Cette pratique consiste à concentrer l'attention sur un son intérieur, souvent perçu comme un sifflement subtil au centre de la tête (à ne pas confondre avec un acouphène). Ce nada, omniprésent et constant, devient un point d’appui pour l’attention. En s’y connectant, le mental se calme naturellement, absorbé par cette vibration apaisante. Cette écoute favorise un état méditatif profond, reliant le mental au silence intérieur et à l’espace informel auquel nada ouvre la voie.
Au lieu d’aller dehors, rentre en toi-même : c’est au cœur de l’homme qu’habite la vérité. Saint Augustin
Grâce à ces pratiques qui permettent de calmer le mental et ainsi de rendre la conscience individuelle perméable à l’influence de l’Esprit en soi, tout un chacun peut faire l’expérience du royaume de Dieu sous la forme de la paix et de la joie, mais aussi de la douceur et de plénitude qui ouvre le cœur, invitant à l’amour, à l’émerveillement et à la gratitude.
Ainsi, l’espérance n’est plus uniquement tournée vers un futur hypothétique et abstrait, dans l’attente d’un royaume matériel. Elle peut trouver son fondement dans la foi en l’humanité qui, guidée par la lumière du message originel de Jésus, peut s’engager sur la voie de la réalisation du royaume intérieur et, par voie de conséquence, contribuer à sa manifestation tangible, dans le monde.
En effet, lorsque la conscience humaine est illuminée par l’Esprit de Dieu, cette lumière peut se rayonner dans les actions, les relations et les choix de l’individu. Ainsi, le royaume extérieur n’est plus uniquement un idéal futur séparé ou inaccessible : il devient le reflet naturel de cette œuvre d’illumination intérieure.
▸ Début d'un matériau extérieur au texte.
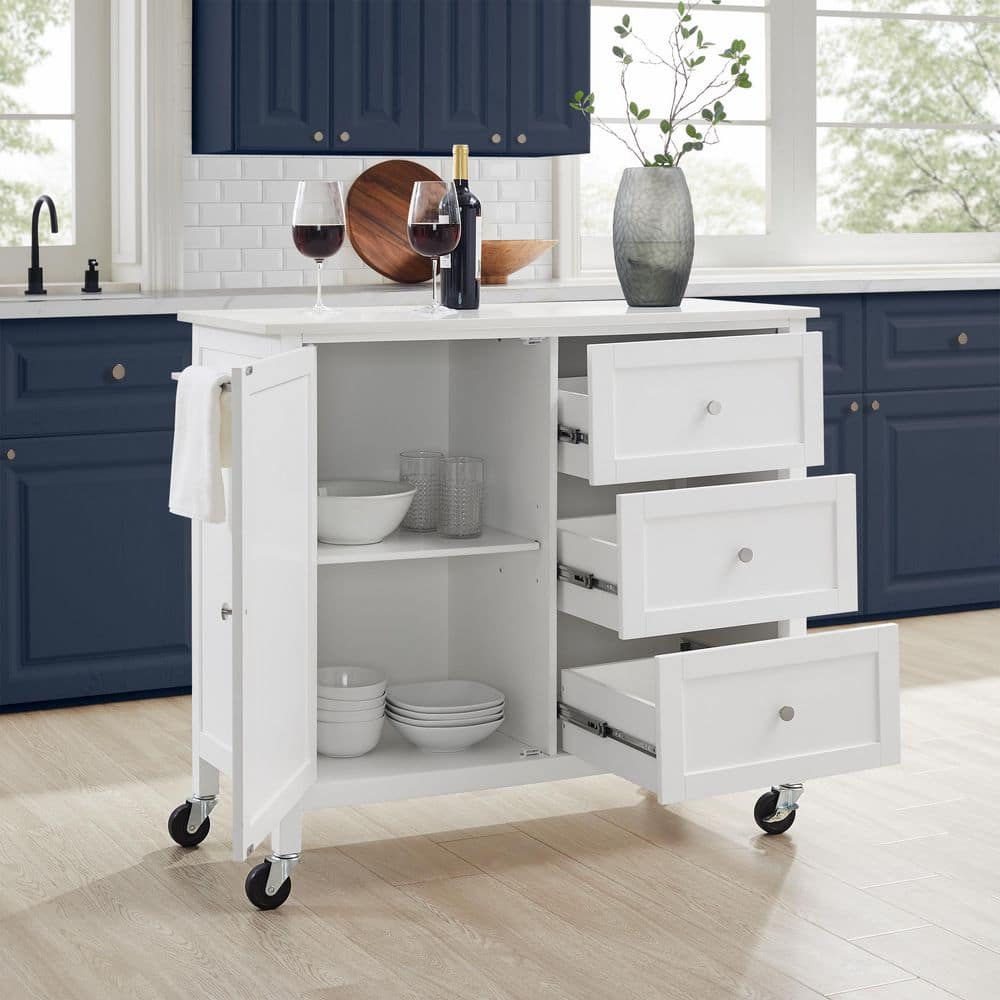 Soren 44" White Stone Top Kitchen Island Cart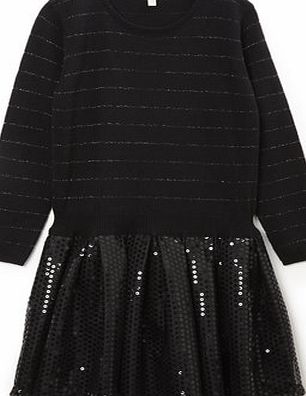 Bhs Girls Black Knitted Sequin Dress, black 6502058513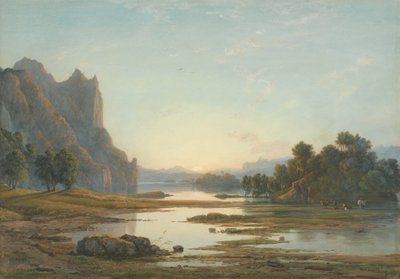 Zonsondergang boven een rivierlandschap door Francis Danby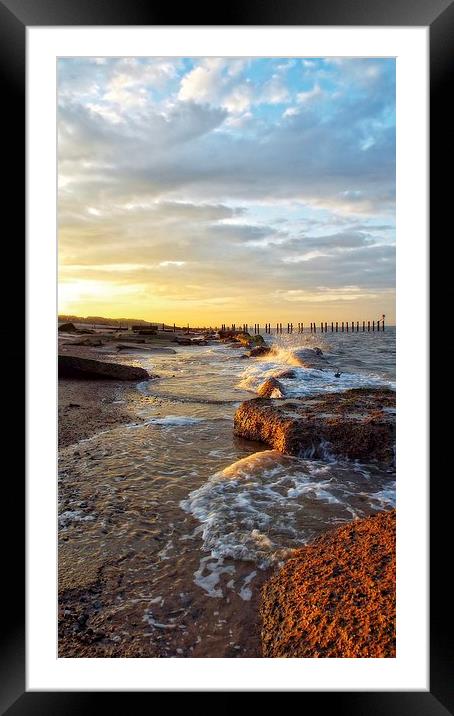 a suffolk sunset Framed Mounted Print by chrissy woodhouse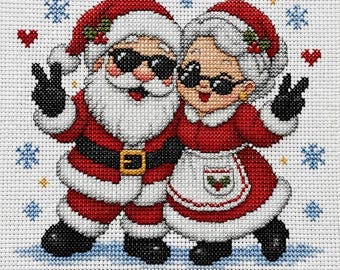 Christmas Santa's better Half Cross Stitch Pattern PDF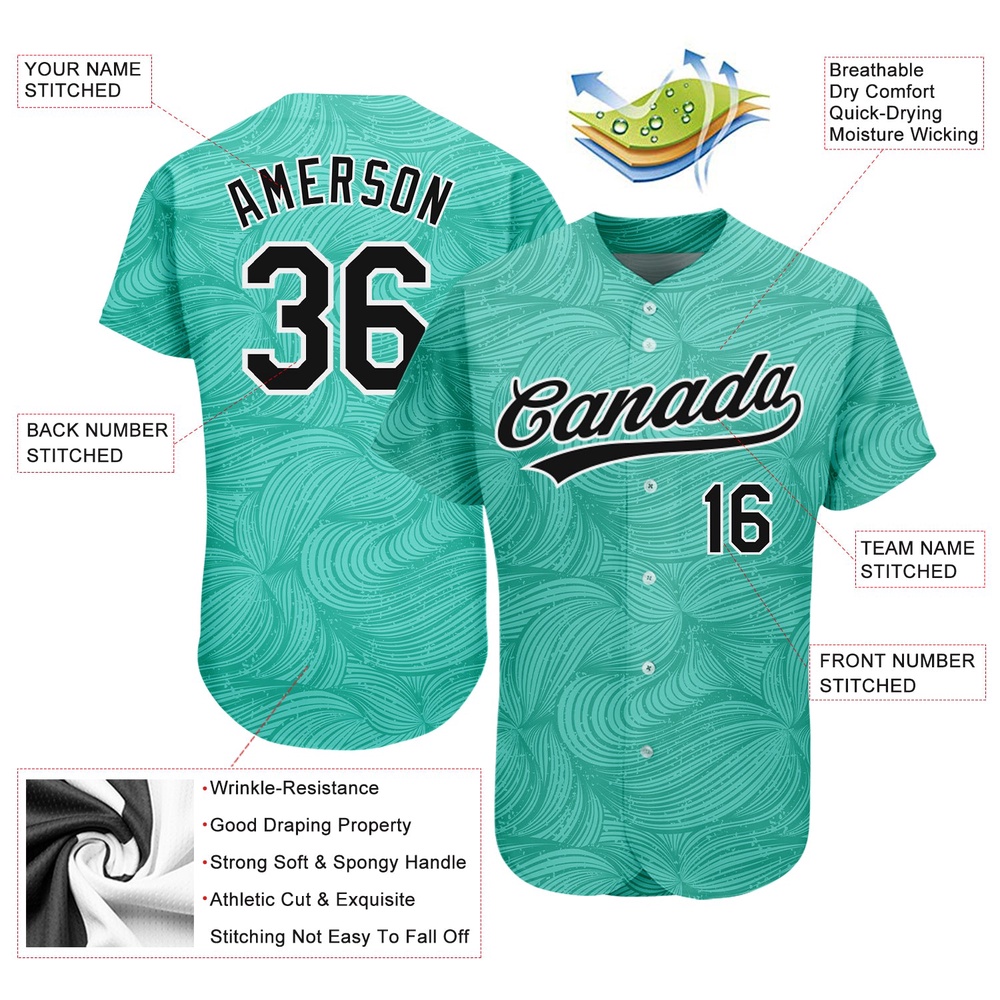 Teal Black-White 3D Pattern Design Authentic Baseball Jersey, Custom Baseball Jersey, Personalized Sport Jersey Teal Black-White 3D Pattern Design Authentic Baseball Jersey, Custom Baseball Jersey, Personalized Sport Jersey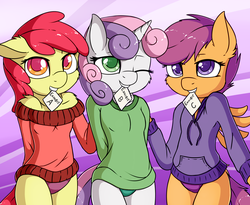 Size: 2454x2016 | Tagged: safe, artist:fearingfun, apple bloom, scootaloo, sweetie belle, earth pony, pegasus, unicorn, anthro, g4, adorabloom, adorasexy, breasts, clothes, cute, cutealoo, cutie mark crusaders, delicious flat chest, diasweetes, explicit source, female, flatie belle, flattle bloom, green underwear, high res, legs together, mouth hold, one eye closed, panties, pink underwear, purple underwear, scootaflat, sexy, sweater, underwear, wink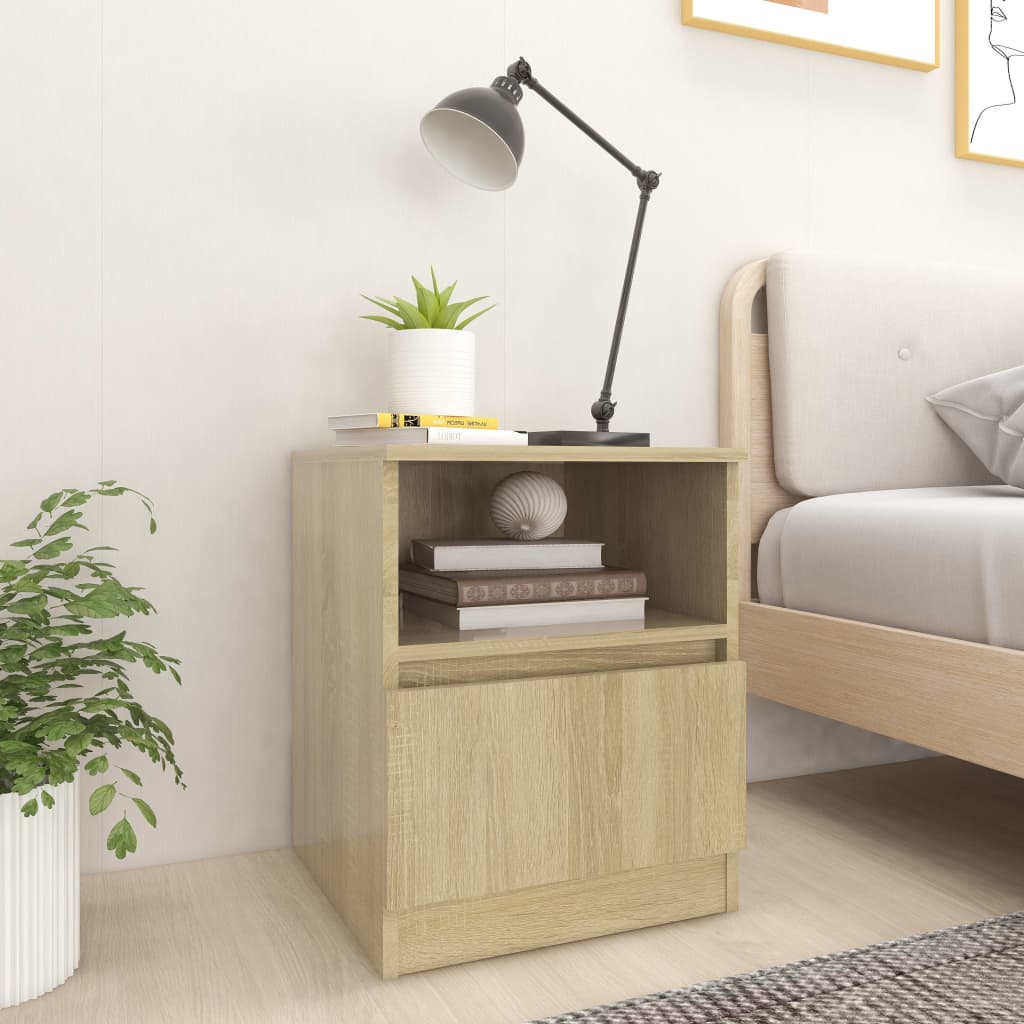 Nattbord 2 stk sonoma eik 40x40x50 cm konstruert tre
Plus les êtres humains s’engageront dans ce chemin de transformation personnelle, plus la vie en ce monde pourra se rapprocher de l’idéal du royaume de Dieu sur terre. Ce processus, loin d’être utopique, repose sur une responsabilité collective et une foi active, qui font du royaume une réalité en devenir, à la fois spirituelle (intérieure) et matérielle (extérieure).